= James A. Drake (academic administrator) =

American academic administrator

James A. Drake is an American author and academic administrator. In March 2007, he was named president of Brevard Community College (now Eastern Florida State College), a public college with campuses in Palm Bay, Melbourne, Cocoa, and Titusville, Florida. With annual enrollments averaging nearly 30,000 students, the multi-campus institution was one of the 100 largest community colleges in the U.S. Prior to his retirement in 2012, Drake received national attention from CNN and other media outlets after donating a substantial portion of his first-year salary as president to fund textbook purchases for financially challenged students.

== Early life ==
He was born in Columbus, Ohio in 1944. While completing his doctoral studies, he accepted an offer to join the faculty of Ithaca College (Ithaca, NY). Drake earned a Ph.D. degree from Ohio State University in 1973. As a tenured professor and academic administrator at Ithaca College, he served as chair of the Department of Education, associate director of graduate studies, and director of televised studies. In the latter role, he worked with PBS station WNET/13 in New York City for the distribution of credit-earning television courses for teachers in New York State and New Jersey.

Drake served as an academic administrator with the University of Tampa, Clemson University (as executive director of the multi-institutional University Center, in Greenville, South Carolina), and the University of Central Florida. In 1987–88 he served as a full-time research consultant and equity partner with an Ohio-based management consulting firm, co-directing the higher-education division.

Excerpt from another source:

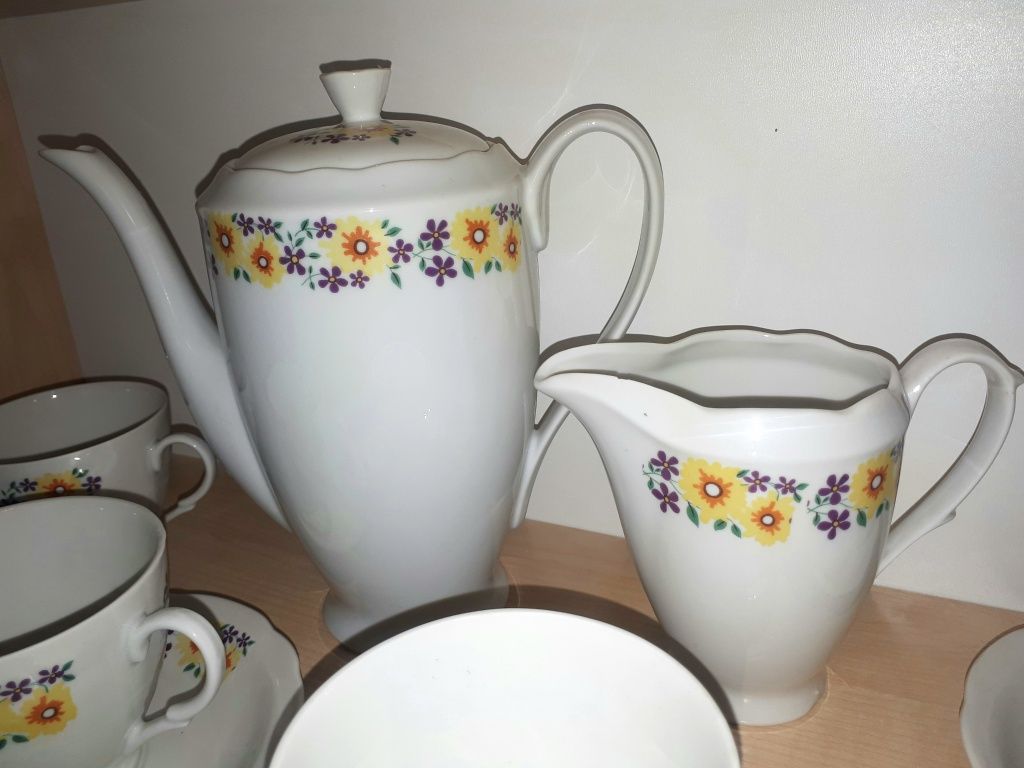Serwis kawowy z porcelany Ćmielów motyw z kwiatami PRL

Drake is the author of seven books and more than fifty commercial and academic articles. Two of his biographies, Rosa Ponselle: A Singer’s Life, and Richard Tucker: A Biography, with forewords by tenor Luciano Pavarotti, were selected as “Books of the Month” by National Book Clubs of America. Fifteen years after Rosa Ponselle: A Singer's Life was published, Drake returned to her in Rosa Ponselle: A Centenary Biography (Amadeus Press), in which he employed a postmodern format to present and analyze conflicting accounts of Rosa Ponselle's life and career. His other books include Teaching Critical Thinking (1976), a textbook stemming from his doctoral research; Popular Culture and American Life (with M. W. Laforse, 1980); and Lily Pons: A Centennial Portrait (with K. B. Ludecke and a foreword by Beverly Sills, 1999).

Drake was a contributing author to American National Biography, as well as to The International Dictionary of Opera. He served on the editorial board of The Opera Quarterly, a vocal-music journal. His expertise in 19th and 20th century operatic performances led him to co-host with Don Martin (Jager) the radio series Voices That Live, originating from WHCU-FM, the CBS affiliate in Ithaca, N.Y. A syndicated version of the weekly radio show originating in South Carolina (with Charles Koelsch as co-host) aired from 1989-1994.

== Personal life ==
Drake lives in Merritt Island, Florida, where he and his late wife, Magali Garriga Drake (1939-2025), were married in 1995.